La loi du 18 janvier 2005, en son article 100, a encore renforcé ce dispositif protecteur des preneurs en difficulté sur lesquels pèse une menace d’expulsion, en ajoutant que cette obligation de notification incombait également au bailleur qui formait une demande reconventionnelle aux fins de constat ou de prononcé de la résiliation motivée par l’existence d’une dette locative, satisfaisant ainsi la demande de modification législative formulée par la Cour de cassation dans son Rapport annuel de 2002.

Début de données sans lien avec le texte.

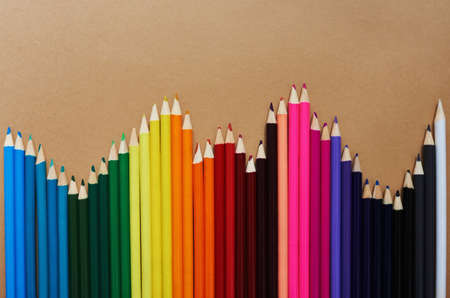 Be the reason someones life is full of colour. Studio shot of different coloured pencils against a...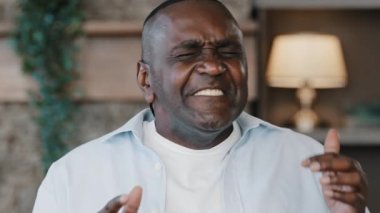 African artistic smiling man singer senior 50s funny musician vocalist bachelor singing jazz song american rap having fun at home musical performance listening track active gesturing in audio rhythm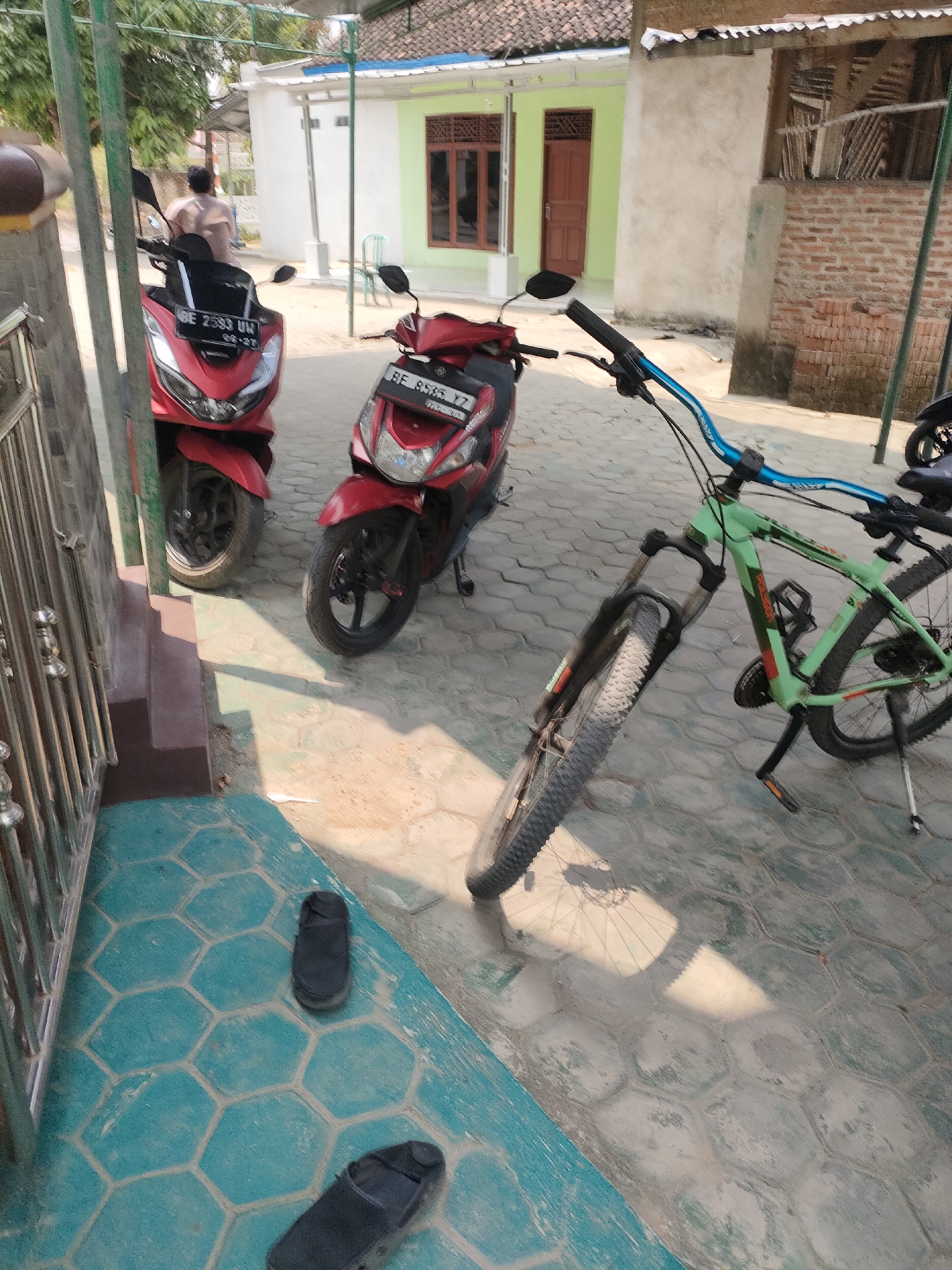 Two red scooters and a light green bicycle are parked on a paved outdoor area with hexagonal tiles in Pringsewu Barat, Indonesia. A person in a light-colored shirt is walking away from the scooters in the background. The scooters are positioned to the left of the frame, one slightly in front of the other. The bicycle is to the right, with its handlebars turned towards the viewer. A metal railing and steps are visible in the lower left corner. The environment appears to be a residential or commercial area with buildings and a fence. The ground is a combination of hexagonal tiles and concrete.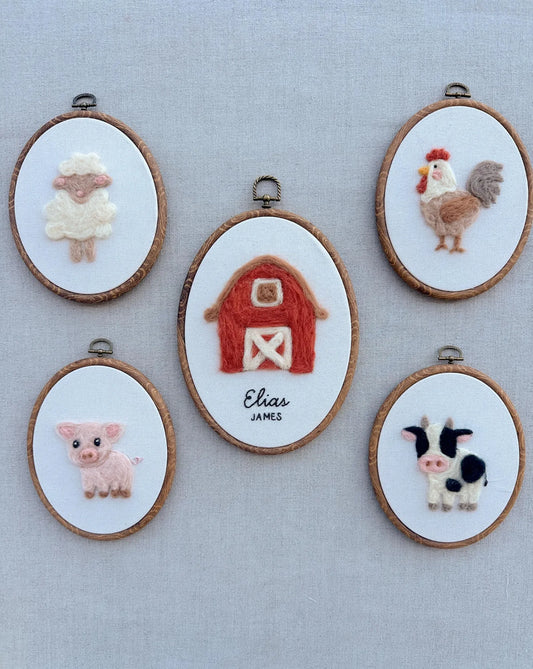 Set of embroidered hoop art with farm animals on a light gray background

Dans aucune des rédactions du texte, il n’a été précisé que l’exigence de notification disparaissait si la demande en résiliation, quelle que fût sa forme procédurale, n’était pas exclusivement motivée par l’existence d’une dette locative, de sorte que la troisième chambre civile n’était pas tenue de distinguer là où le législateur ne l’avait pas fait.
Ce faisant, elle a également pris en compte le fait qu’il aurait pu devenir tentant pour le bailleur d’ajouter, à un grief de non-paiement de loyers, un autre grief, pour s’affranchir, sans risque, de l’exigence de notification, privant par là le texte – que sous-tendaient les préoccupations d’ordre social de faciliter l’apurement de la dette locative et de rechercher, en cas d’échec, des solutions de relogement – de toute efficacité.
De surcroît, à supposer que le juge se fût, dans une telle hypothèse, astreint d’office à faire abstraction du défaut de paiement de loyers allégué pour n’examiner la demande en résiliation qu’au regard de l’autre grief invoqué, l’exercice, que ne requérait de lui aucune disposition légale, n’aurait guère été aisé.
En toute hypothèse, en l’espèce, la cour d’appel n’avait pas fait mystère de ce que, pour prononcer la résiliation du bail, elle s’était principalement déterminée en considération de la carence du locataire dans le paiement de ses loyers, carence qui avait, au demeurant, été le motif unique de la décision de résiliation du bail du premier juge.
Quant à la possibilité d’une régularisation en cours d’instance, outre qu’elle ne reposait sur aucun texte, elle se heurtait à la constatation qu’il n’apparaissait pas sain de faire dépendre la recevabilité d’une demande de la volonté discrétionnaire du juge d’accorder un report, qui plus est de la durée utile, et non de la seule diligence de la partie qui y avait intérêt, étant fait observer que le bailleur qui engage une action en résiliation de bail maîtrise la date de son envoi, et donc est à même de respecter le délai qui lui est imparti pour satisfaire à l’obligation de notification que le législateur a voulu préalable à l’audience.
Enfin, dans une matière qui concerne autant les professionnels de l’immobilier que les bailleurs profanes, il n’est pas dénué d’intérêt que les règles soient lisibles et les mêmes pour tous.